Crawled caption data
Segment Open

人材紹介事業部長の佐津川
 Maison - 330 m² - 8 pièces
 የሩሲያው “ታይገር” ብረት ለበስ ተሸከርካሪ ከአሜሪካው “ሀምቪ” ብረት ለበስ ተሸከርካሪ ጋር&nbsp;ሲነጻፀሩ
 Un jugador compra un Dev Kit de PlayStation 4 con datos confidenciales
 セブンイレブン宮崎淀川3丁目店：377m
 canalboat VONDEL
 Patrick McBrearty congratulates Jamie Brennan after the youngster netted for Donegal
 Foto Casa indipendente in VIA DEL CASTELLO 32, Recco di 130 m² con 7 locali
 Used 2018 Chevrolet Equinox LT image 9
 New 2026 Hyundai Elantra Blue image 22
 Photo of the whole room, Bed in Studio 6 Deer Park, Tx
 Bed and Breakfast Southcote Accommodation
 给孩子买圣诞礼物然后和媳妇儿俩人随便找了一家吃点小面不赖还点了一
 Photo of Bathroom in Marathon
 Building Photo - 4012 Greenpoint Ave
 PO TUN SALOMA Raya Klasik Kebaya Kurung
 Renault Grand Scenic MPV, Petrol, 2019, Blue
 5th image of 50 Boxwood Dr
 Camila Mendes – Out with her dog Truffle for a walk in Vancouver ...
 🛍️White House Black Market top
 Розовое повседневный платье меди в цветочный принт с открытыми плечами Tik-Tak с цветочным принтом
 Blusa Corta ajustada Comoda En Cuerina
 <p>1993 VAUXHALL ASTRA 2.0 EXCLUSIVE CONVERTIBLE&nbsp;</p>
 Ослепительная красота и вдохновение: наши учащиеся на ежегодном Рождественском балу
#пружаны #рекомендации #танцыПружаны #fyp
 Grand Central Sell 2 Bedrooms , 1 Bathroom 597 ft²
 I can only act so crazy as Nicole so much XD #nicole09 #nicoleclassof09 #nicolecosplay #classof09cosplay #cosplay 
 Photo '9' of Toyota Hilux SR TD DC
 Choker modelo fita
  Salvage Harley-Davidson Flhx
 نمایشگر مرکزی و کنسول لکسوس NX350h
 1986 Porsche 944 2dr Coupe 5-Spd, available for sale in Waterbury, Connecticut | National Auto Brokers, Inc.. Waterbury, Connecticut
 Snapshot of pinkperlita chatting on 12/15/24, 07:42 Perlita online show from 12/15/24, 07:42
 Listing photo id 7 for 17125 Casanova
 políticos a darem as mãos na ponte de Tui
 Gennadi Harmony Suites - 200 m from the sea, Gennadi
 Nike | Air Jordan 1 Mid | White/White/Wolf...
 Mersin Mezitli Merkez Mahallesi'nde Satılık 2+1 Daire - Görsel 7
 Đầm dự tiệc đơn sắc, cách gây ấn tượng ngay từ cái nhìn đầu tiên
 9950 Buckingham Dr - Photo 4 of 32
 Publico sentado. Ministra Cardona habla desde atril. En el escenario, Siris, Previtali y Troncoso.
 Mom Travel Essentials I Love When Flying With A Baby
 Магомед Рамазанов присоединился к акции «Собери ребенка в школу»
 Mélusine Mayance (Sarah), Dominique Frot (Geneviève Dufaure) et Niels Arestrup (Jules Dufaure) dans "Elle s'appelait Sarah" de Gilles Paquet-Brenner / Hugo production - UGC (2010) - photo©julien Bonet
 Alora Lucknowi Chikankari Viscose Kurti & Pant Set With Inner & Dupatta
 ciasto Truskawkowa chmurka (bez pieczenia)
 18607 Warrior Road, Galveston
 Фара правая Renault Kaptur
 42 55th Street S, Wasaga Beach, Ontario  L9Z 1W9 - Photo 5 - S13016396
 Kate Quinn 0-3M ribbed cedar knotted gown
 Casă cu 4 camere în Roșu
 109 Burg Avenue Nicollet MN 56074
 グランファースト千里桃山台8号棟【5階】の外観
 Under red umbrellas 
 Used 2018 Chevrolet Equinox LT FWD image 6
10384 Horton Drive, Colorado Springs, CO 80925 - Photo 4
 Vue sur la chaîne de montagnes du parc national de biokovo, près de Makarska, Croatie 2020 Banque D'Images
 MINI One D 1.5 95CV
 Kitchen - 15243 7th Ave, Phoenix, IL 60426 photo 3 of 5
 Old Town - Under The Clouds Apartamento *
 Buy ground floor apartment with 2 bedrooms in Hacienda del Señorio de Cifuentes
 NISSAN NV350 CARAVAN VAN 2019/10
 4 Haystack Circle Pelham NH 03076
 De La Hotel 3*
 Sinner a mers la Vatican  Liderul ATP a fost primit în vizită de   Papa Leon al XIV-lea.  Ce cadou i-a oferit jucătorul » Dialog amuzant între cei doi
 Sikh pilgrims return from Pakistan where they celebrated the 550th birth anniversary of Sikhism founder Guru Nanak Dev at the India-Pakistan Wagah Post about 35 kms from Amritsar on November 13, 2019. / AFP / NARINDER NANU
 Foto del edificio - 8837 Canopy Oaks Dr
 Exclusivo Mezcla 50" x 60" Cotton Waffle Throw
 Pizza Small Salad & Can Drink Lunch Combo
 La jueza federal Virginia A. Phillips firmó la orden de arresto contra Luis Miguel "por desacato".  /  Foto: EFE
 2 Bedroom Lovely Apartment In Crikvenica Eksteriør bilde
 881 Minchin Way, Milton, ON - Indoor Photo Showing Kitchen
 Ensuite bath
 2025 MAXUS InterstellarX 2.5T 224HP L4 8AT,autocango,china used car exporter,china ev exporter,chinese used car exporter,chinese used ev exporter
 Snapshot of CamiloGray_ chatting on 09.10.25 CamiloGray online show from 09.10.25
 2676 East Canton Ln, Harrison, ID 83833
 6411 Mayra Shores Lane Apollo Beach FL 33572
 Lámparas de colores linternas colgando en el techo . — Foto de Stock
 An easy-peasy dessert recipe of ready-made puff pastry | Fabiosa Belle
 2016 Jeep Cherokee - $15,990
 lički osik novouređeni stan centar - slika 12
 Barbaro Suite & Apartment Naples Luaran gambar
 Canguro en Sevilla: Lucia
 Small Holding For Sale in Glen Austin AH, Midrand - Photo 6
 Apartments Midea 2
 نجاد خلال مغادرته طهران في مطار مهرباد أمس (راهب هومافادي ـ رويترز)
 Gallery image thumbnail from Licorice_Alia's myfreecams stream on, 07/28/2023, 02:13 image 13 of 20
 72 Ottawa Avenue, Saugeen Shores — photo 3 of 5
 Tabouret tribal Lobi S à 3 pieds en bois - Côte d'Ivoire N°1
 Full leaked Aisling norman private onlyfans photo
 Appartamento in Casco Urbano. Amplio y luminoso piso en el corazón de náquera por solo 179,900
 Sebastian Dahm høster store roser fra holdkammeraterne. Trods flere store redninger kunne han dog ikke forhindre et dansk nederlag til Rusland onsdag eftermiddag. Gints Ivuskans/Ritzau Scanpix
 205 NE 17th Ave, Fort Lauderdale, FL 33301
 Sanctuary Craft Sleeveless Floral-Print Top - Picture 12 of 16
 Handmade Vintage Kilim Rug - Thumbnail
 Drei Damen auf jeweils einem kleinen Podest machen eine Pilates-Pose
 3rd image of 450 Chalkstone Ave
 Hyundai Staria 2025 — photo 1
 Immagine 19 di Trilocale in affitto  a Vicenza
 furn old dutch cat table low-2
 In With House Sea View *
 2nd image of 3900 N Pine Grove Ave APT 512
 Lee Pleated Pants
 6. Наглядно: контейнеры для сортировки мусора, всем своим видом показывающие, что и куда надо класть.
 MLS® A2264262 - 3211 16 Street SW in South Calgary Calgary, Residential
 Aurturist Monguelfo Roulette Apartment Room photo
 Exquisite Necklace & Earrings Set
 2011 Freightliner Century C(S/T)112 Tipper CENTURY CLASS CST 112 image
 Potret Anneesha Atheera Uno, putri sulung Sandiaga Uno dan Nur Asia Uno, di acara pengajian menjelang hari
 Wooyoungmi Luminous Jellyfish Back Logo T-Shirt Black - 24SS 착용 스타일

Segment Closed

Bring together each line above where the string "Chevrolet" turns up.

 Used 2018 Chevrolet Equinox LT image 9
 Used 2018 Chevrolet Equinox LT FWD image 6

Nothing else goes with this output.